DATA EXCERPT.
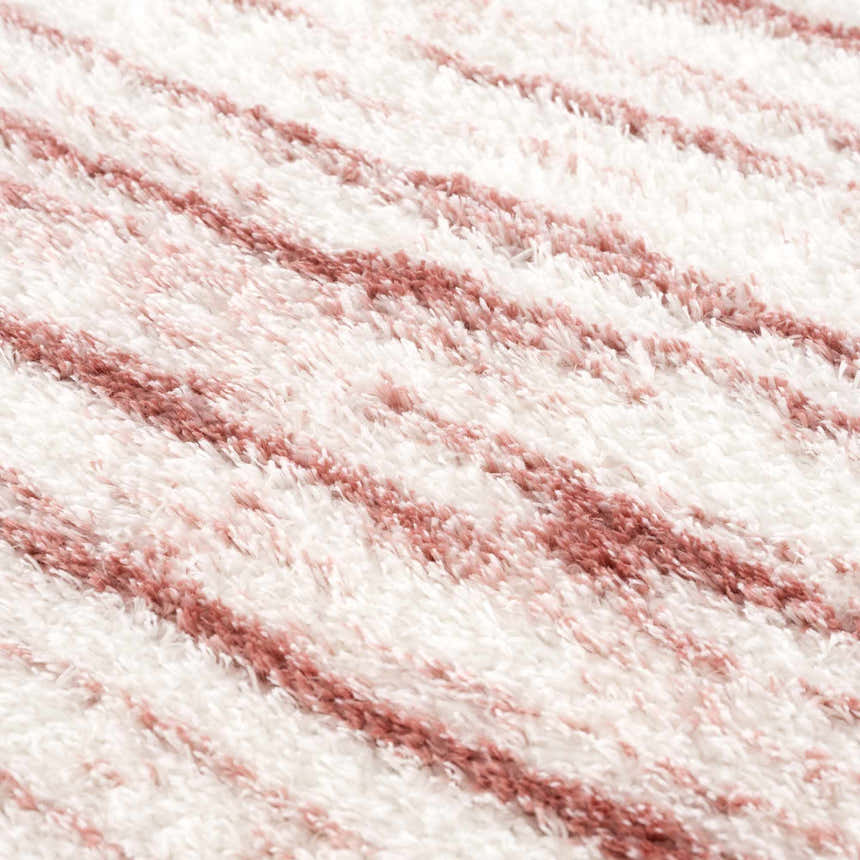 Texture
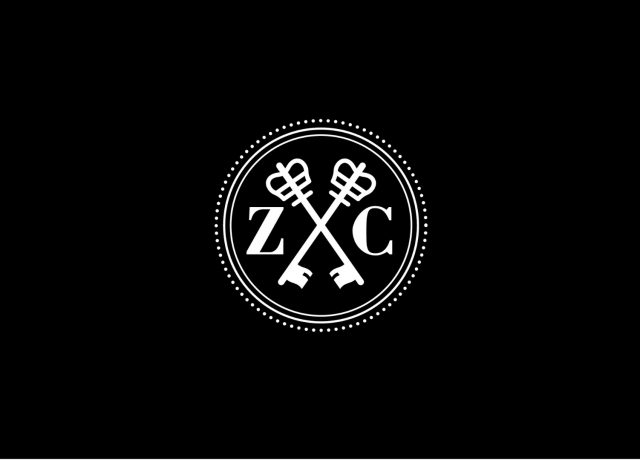 ZC Global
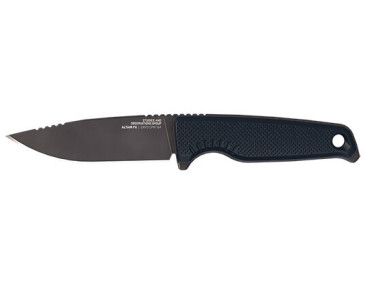 SOG Altair FX Knife: Precision and Robustness for Outdoor Use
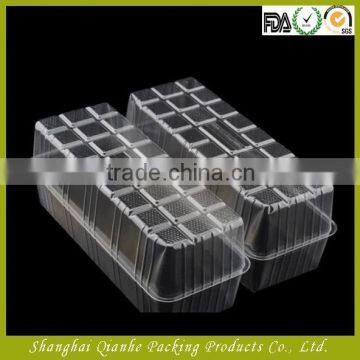 Organic Chinese Take Out Boxes Wholesale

GOAL OF THE EXERCISE.
The whole listing above must be returned exactly as written, with no pictures carried over.

RESPONSE AREA.
 Texture
 ZC Global
 SOG Altair FX Knife: Precision and Robustness for Outdoor Use
 Organic Chinese Take Out Boxes Wholesale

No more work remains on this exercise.